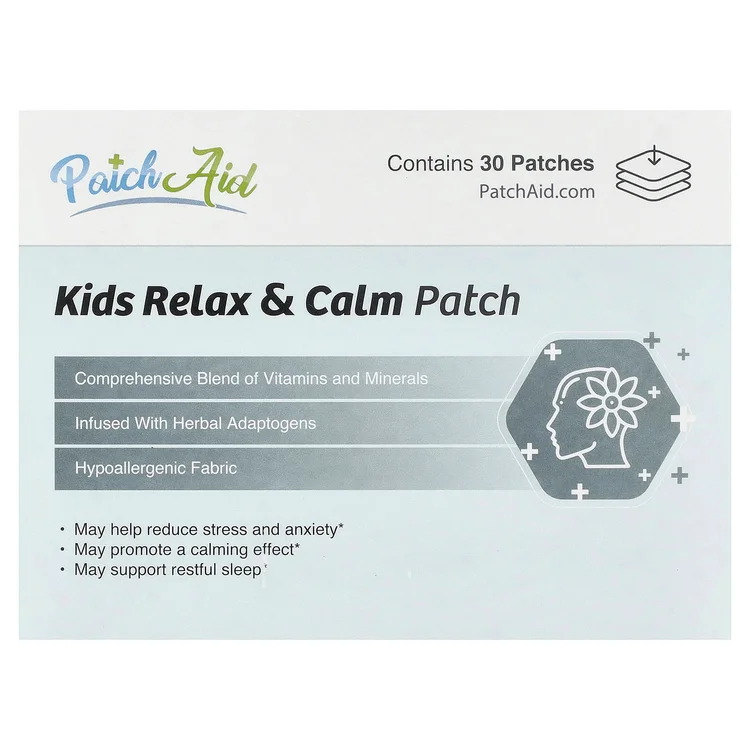 Kids Relax & Calm Patch, 30 Patches image 1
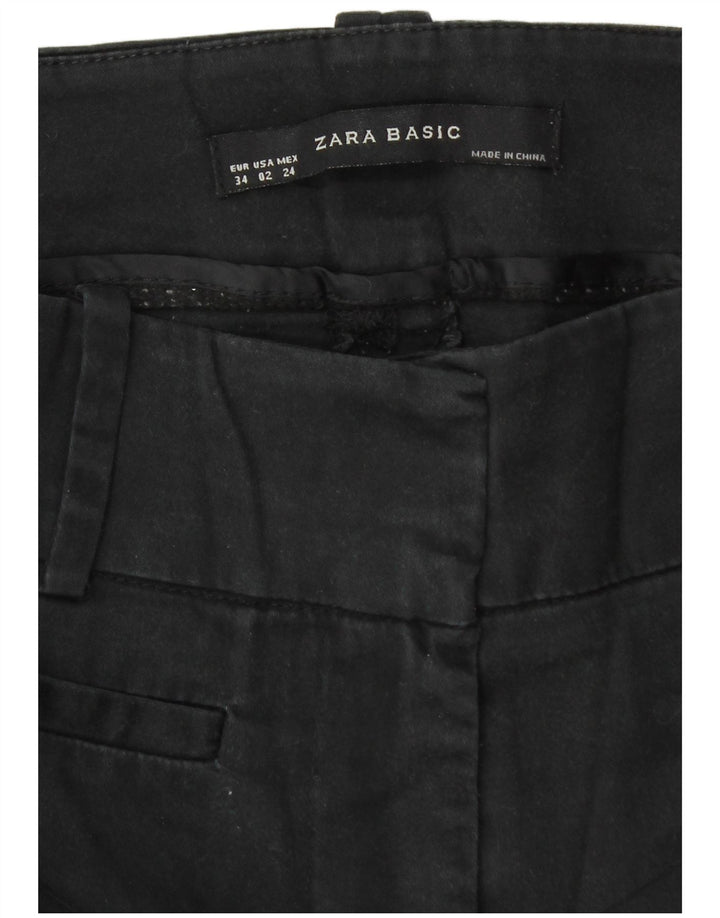 Pantaloni scurți casual pentru femei Zara EU 34 2XS W24 Gri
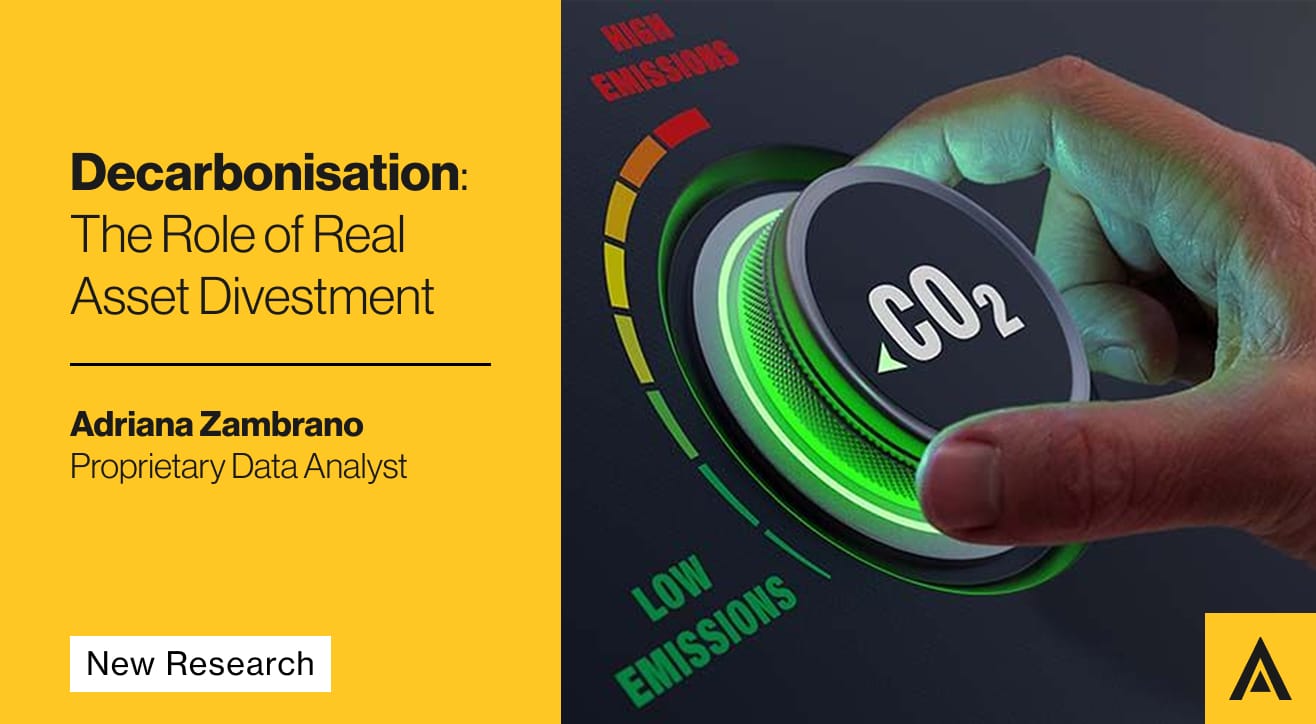 Decarbonisation: The Role of Real Asset Divestment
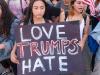 Trump protesters: ’Not my president’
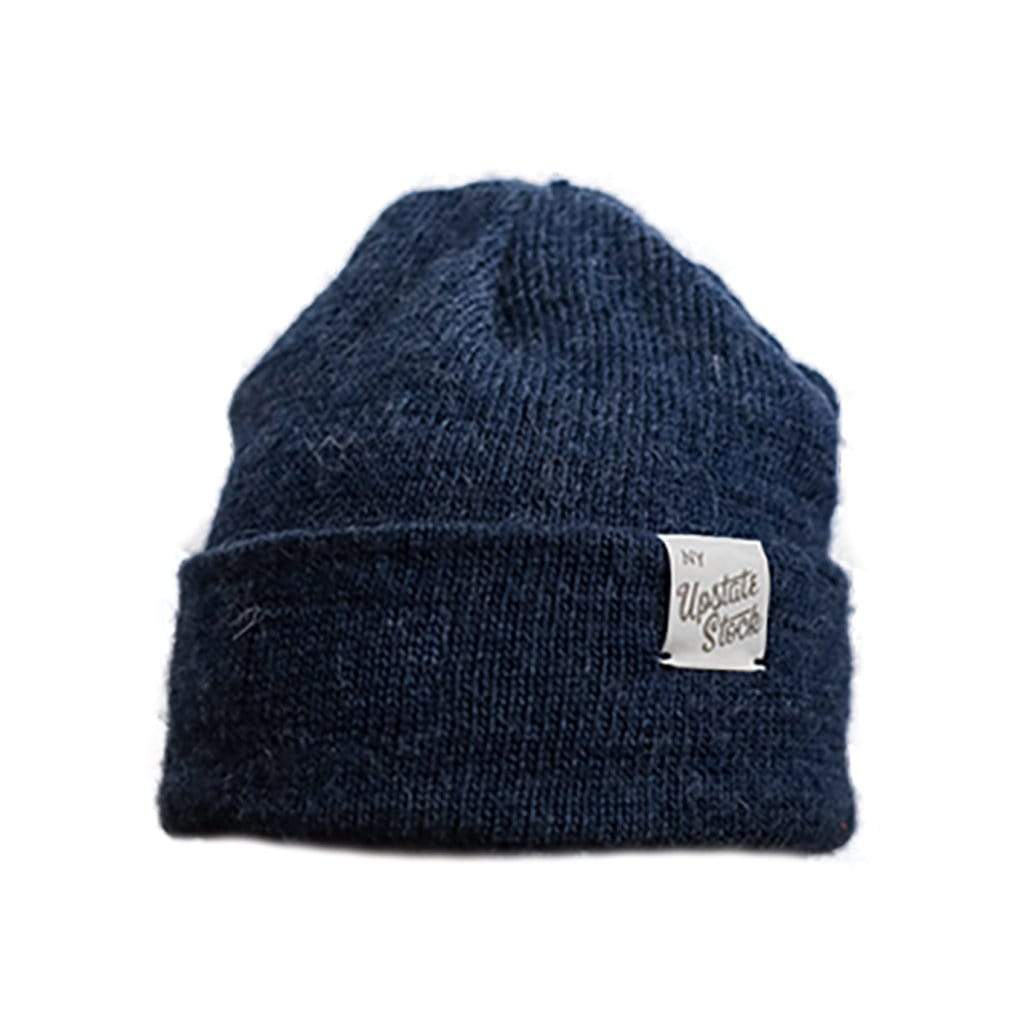 American Mohair Beanie Royal Blue   at Boston General Store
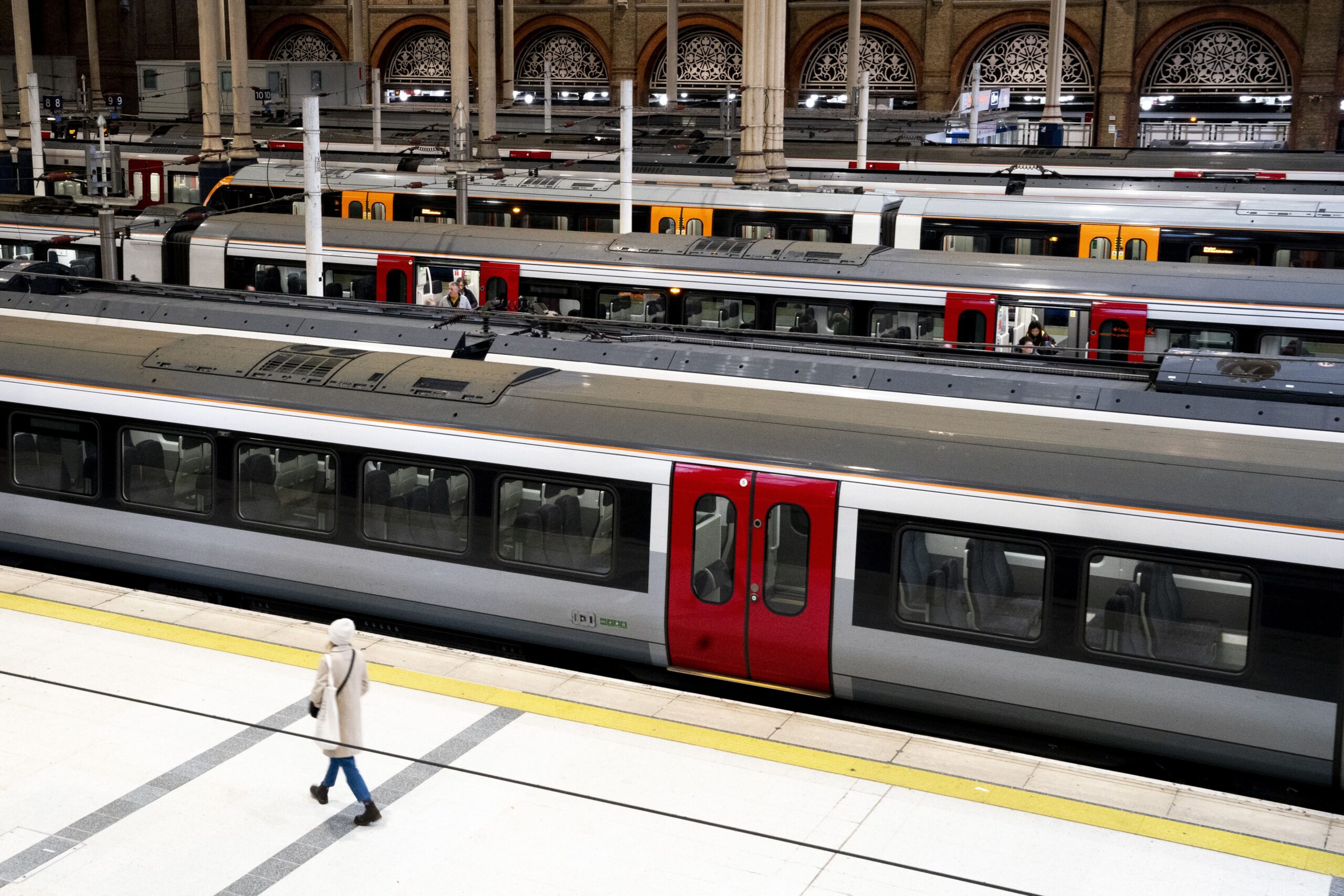 station or train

■ Activity ■
Return every entry above exactly as written, minus the pictures.

■ Solution to the exercise ■
 Kids Relax & Calm Patch, 30 Patches image 1
 Pantaloni scurți casual pentru femei Zara EU 34 2XS W24 Gri
 Decarbonisation: The Role of Real Asset Divestment
 Trump protesters: ’Not my president’
 American Mohair Beanie Royal Blue   at Boston General Store
 station or train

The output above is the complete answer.